Когда к ужину явился Секереш, Петр неожиданно сказал:
— Слушай, Иошка, нельзя ли устроить так, чтобы мне здесь остаться? Нужда в людях здесь, верно, больше, чем в Вене.
— Особенно в тех, кого разыскивает полиция и кого она великолепно знает в лицо. Чтобы всех нас поставить под угрозу? Так, что ля?
— Значит, я должен уехать?
— Что с тобой приключилось, Петр? Утром тебе и в голову не приходило…
Петр молчал. Да что бы он и мог сказать? Секереш высмеял бы его, заикнись он только о том, что Тереш пахнет фабрикой, тогда как от Мартона пахло нищетой.
Секереш принес вечернюю газету.
— Вот, почитай-ка, — и он ударил пальцем по столбцу с длинным списком убитых под Будой.
«Дезидерий Альдор, студент-юрист», — прочел Петр указанную Секерешем фамилию.
— Знаешь, кто это?
— Как будто я где-то слыхал эту фамилию, но где именно — что-то не припомню.
— Ты, верно, знал его под фамилией Леготаи или Бескид.
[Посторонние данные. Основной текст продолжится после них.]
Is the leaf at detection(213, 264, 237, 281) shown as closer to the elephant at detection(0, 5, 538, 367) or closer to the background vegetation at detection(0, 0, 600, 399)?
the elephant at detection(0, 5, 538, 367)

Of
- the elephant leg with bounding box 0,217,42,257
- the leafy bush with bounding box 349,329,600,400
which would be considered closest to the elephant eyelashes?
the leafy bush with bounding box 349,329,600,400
Да, да! Товарищ Бескид умер героической смертью, сражаясь за отечество под флагом его величества короля.
Секереш смеялся, но от этого смеха лицо его не повеселело, наоборот — затуманилось.
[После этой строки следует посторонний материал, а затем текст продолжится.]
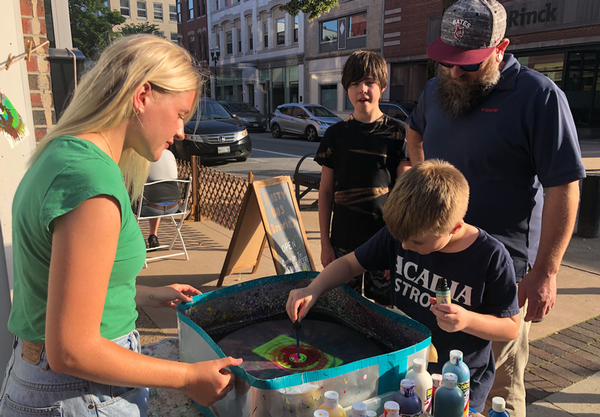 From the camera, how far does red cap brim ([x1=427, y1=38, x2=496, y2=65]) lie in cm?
202

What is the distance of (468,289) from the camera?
1.70 metres

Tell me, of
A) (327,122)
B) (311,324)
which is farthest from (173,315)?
(327,122)

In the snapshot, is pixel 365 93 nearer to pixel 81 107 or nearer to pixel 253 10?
pixel 81 107

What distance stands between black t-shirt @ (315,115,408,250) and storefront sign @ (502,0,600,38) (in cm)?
1856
Когда на прощанье Секереш пожал ему руку, глаза Петра Ковача, коммуниста, видавшего виды, наполнились слезами. Он грустил вовсе не то том, что должен был расстаться с Секерешем. Он уже давно привык к необходимости время от времени расставаться с товарищами, чтобы потом на каком-нибудь другом фронте мировой революции вновь с ними встретиться. Это в порядке вещей. Но после разговора с Секерешем, — беседа была короткой, они провели вместе не больше двух часов, — то, что вчера он только предчувствовал, перешло в уверенность. В движении предстоят большие перемены, отчасти они уже произошли. В чем именно эти перемены заключаются — он точно не знал. Когда, вернувшись из Чехо-Словакии, он увидел на Вацском проспекте дымящие фабричные трубы, ему сразу стало понятно, в чем дело. Но сейчас он только чувствовал, что Тереша трудно вообразить себе на дамском велосипеде распространяющим листовки, так же как Мартона трудно было бы использовать для какой-нибудь забастовки из-за зарплаты.
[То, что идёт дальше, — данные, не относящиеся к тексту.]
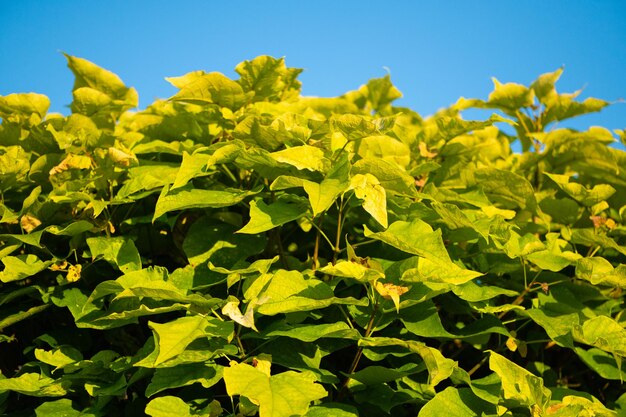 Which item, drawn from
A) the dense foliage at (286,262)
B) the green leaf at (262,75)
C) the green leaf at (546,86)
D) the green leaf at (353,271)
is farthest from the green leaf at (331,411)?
the green leaf at (546,86)

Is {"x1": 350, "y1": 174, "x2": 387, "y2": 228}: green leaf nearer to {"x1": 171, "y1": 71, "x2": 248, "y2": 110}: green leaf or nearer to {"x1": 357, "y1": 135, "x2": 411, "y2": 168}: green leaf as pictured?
{"x1": 357, "y1": 135, "x2": 411, "y2": 168}: green leaf

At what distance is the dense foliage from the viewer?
2.00 metres

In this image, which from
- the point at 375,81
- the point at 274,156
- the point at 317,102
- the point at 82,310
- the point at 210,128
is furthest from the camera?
the point at 375,81

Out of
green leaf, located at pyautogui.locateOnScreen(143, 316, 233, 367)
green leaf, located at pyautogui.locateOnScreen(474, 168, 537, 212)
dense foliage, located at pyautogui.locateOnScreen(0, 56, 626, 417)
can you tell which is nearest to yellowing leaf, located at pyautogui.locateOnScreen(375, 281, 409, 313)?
dense foliage, located at pyautogui.locateOnScreen(0, 56, 626, 417)

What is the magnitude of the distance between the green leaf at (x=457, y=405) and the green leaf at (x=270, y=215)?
28.6 inches

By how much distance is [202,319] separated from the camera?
1.92 m

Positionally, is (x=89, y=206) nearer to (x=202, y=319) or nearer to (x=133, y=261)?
(x=133, y=261)

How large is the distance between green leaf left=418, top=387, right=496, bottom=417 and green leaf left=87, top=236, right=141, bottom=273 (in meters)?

То, что Петр услышал от Секереша о партийных делах, он еще не вполне переварил, но он инстинктивно понимал, что все эти факты означают новую стадию движения, новый этап, новую фазу. Новый шаг, логически и органически связанный с предыдущим. Выпрямление линии. Результат
Сердце Петра так ныло, словно в него нож воткнули. Почти с ненавистью думал он о Вене, куда он должен был теперь бежать. С боязнью думал он теперь о той обстановке, в которой ему придется там жить, чужими казались товарищи, с которыми ему предстоит работать. И с чувством горечи и зависти отрывался он от тех, кто может работать здесь.
Он не заметил, сколько прошло времени после его прощания с Секерешем до той минуты, когда в дверь постучал Тереш. Он не заметил даже, что свеча догорела и погасла.
— Что же это вы в темноте сидите, товарищ?
Петр что-то пробормотал в ответ. Тереш зажег новую свечу и бросил на диван старенький чемодан.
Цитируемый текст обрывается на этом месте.